- **Records shown**
★ ★ ★ ★ ★

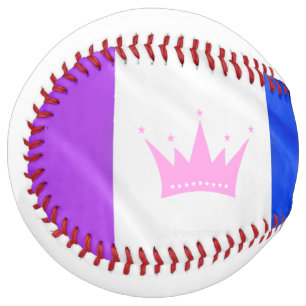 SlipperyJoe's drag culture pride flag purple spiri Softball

★ ★ ★ ★ ★

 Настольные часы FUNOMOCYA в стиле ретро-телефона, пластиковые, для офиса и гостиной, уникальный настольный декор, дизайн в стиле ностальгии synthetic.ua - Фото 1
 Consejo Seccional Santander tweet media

★ ★ ★ ★ ★

- **Work to be completed**
Above are the records. Print exactly, and only, the lines from the line with "Настольные часы FUNOMOCYA" to the line with "Consejo Seccional Santander tweet media", both inclusive.

- **Response to this exercise**
 Настольные часы FUNOMOCYA в стиле ретро-телефона, пластиковые, для офиса и гостиной, уникальный настольный декор, дизайн в стиле ностальгии synthetic.ua - Фото 1
 Consejo Seccional Santander tweet media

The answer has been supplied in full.